BY The Cincinnati Enquirer
FRANKFORT, Ky. -- Theresa Feldman has paid her health insurance premiums for 30 years. Earlier this year, she got a letter from Anthem Blue Cross-Blue Shield saying her rates were going from $130 per month to $317.
Ms. Feldman, a nurse, was shocked.
"As a health-care provider myself, I feel like this is an outrage," she said Tuesday at a public hearing on the rate increase conducted by the Department of Insurance.
An Anthem lawyer said the increase, which works out to about 19.8 percent for the countless kinds of individual policies covered by the new rates, is "justified and reasonable."
Anthem has not had a rate increase for some time, and the money is needed to ensure the company's ability to cover claims, said Brenda Renner. "Everyone needs to know that their insurance companies are going to be able to pay their claims," Ms. Renner said.
The department, which has the authority to deny the rate increase, agrees. "We are tentatively recommending approval," said insurance department lawyer Robin Gwinn.
Anthem has about 52,000 policies covering about 79,000 people that would have higher rates under the proposal.

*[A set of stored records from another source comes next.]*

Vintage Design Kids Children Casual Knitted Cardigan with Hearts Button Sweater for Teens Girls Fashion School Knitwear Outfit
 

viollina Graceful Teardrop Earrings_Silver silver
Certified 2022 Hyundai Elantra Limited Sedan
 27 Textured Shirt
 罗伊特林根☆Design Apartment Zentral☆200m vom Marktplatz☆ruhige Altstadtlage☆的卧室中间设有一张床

The attorney general's office, which requested the hearing, said the increase is not justified. Dennis Howard said Anthem raised its rates because its only competitor in the individual market, Humana, also raised its rates.
"Each filing must stand on its own," Mr. Howard said.
He said the company did not adequately consider what the rate increase would mean to individual policyholders.